PROVIDED MATERIAL –
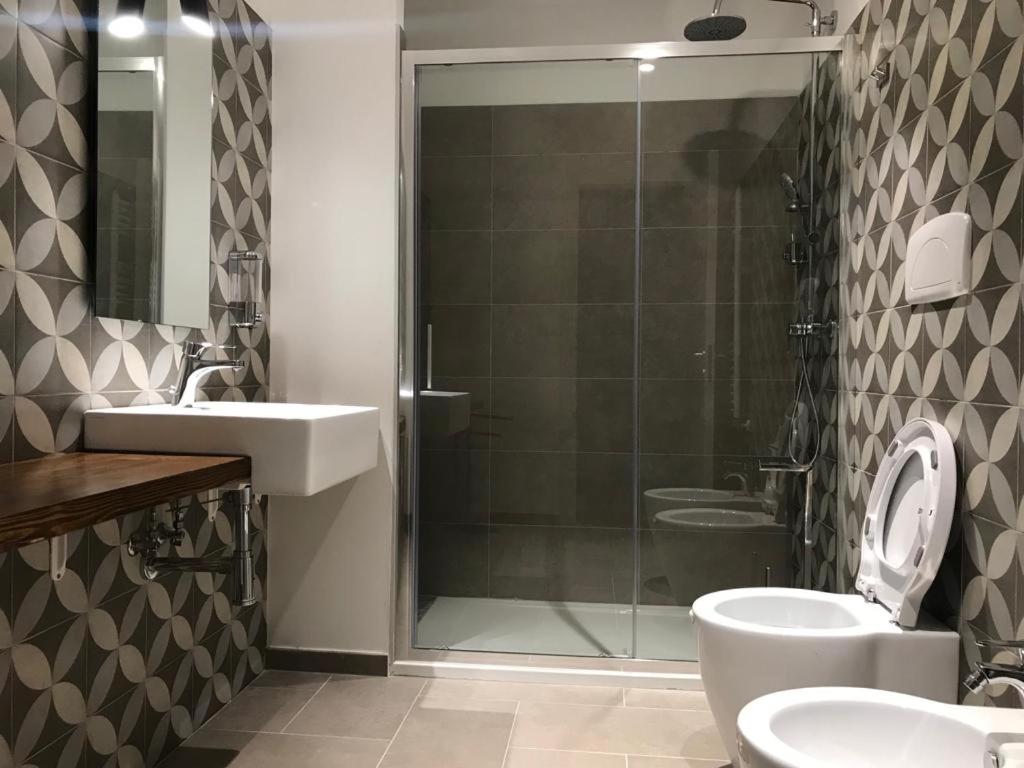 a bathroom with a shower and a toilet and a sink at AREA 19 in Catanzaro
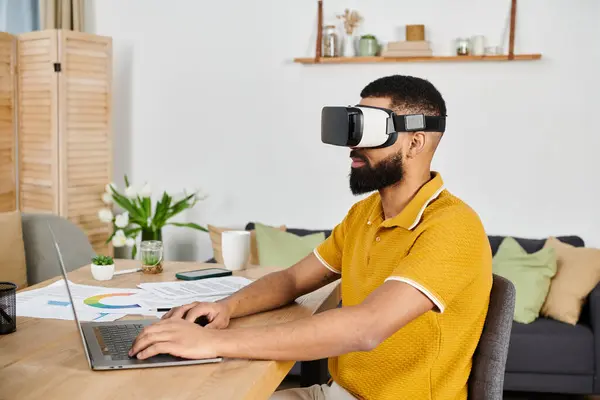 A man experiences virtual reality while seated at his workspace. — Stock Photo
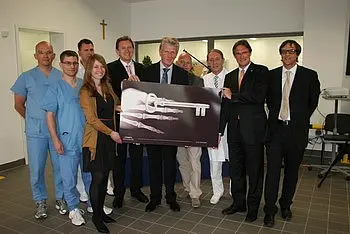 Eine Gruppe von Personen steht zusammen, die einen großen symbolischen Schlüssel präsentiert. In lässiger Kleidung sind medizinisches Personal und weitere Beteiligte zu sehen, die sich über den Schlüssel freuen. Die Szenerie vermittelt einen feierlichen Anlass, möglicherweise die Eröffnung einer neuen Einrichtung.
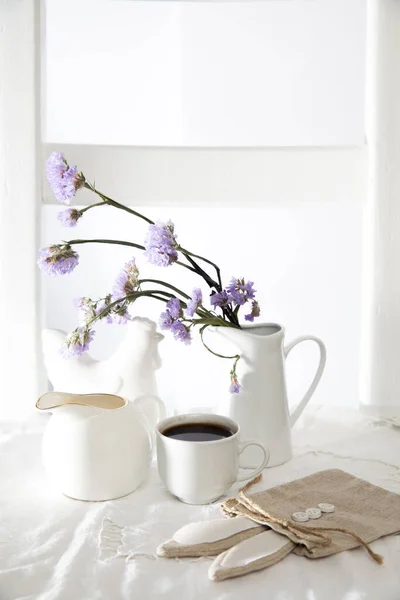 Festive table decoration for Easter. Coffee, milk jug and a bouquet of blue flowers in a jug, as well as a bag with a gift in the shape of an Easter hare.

EXERCISE REQUIREMENTS –
Leave out any pictures, please, and quote only the lines from the top of the data through the line that contains "A man experiences".

ANSWER FOR THIS EXERCISE –
 a bathroom with a shower and a toilet and a sink at AREA 19 in Catanzaro
 A man experiences virtual reality while seated at his workspace. — Stock Photo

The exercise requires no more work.